In recent years, the EU has offered the regime of President Alexander Lukashenko a cautious rapprochement, suspending a raft of sanctions in the hope of encouraging more democratic behaviour. But that attitude lost favour in December after the regime cracked down on pro-democracy activists.
'Lukashenko has discredited himself completely. There are people who are suffering in jail because they were candidates in the election, it's unacceptable ... Everything we offered to Belarus has evaporated,' Luxembourg Foreign Minister Jean Asselborn said.
Diplomats said that the ministers were all but certain to reimpose their sanctions - a range of visa bans and asset freezes - on top regime figures including Lukashenko and his family.

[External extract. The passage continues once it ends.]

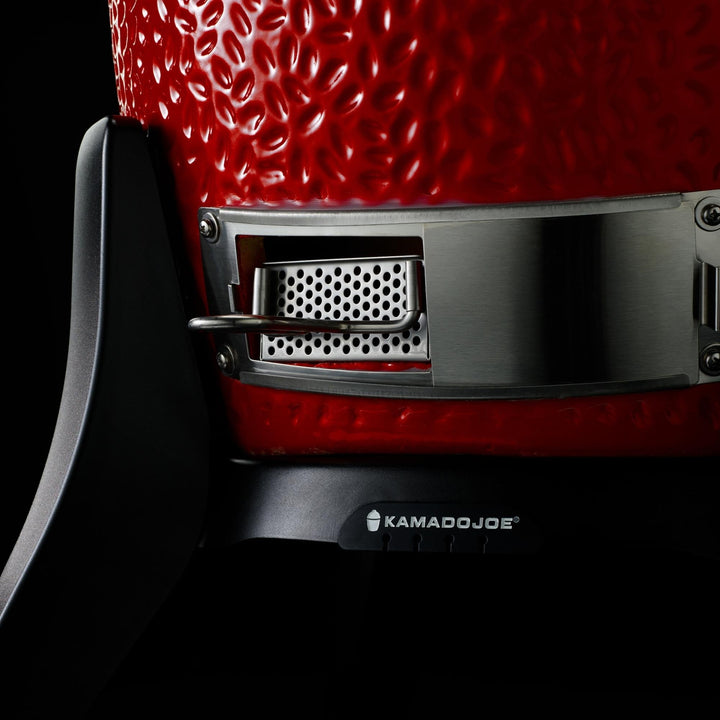 Kamado Joe ® - Classic II - BBQ STORE MALTA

More debate was expected on the question of how best to support Belarus' beleaguered pro-democracy movement and non-governmental organizations.
'We should adopt and pass strict measures on official people, and ... we should take the political decision on the fast opening of the European borders to Belarusian civil society,' Lithuanian Foreign Minister Audronius Azubalis said.

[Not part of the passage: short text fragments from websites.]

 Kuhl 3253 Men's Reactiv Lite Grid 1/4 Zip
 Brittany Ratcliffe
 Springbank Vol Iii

Lithuania and Poland have already made it easier for Belarusian citizens to obtain visas to their countries, but it would take the agreement of the whole bloc to grant them easier access to the Schengen zone, which covers most of the EU.
That is a sensitive issue, as recent moves to extend visa freedom to Albania and Bosnia led to EU states complaining of a surge in asylum applications from those countries.
'If we take just restrictive measures on officials it's quite easy, but to go through all the bureaucracy of the EU to open (the borders) is a much bigger challenge,' Azubalis acknowledged.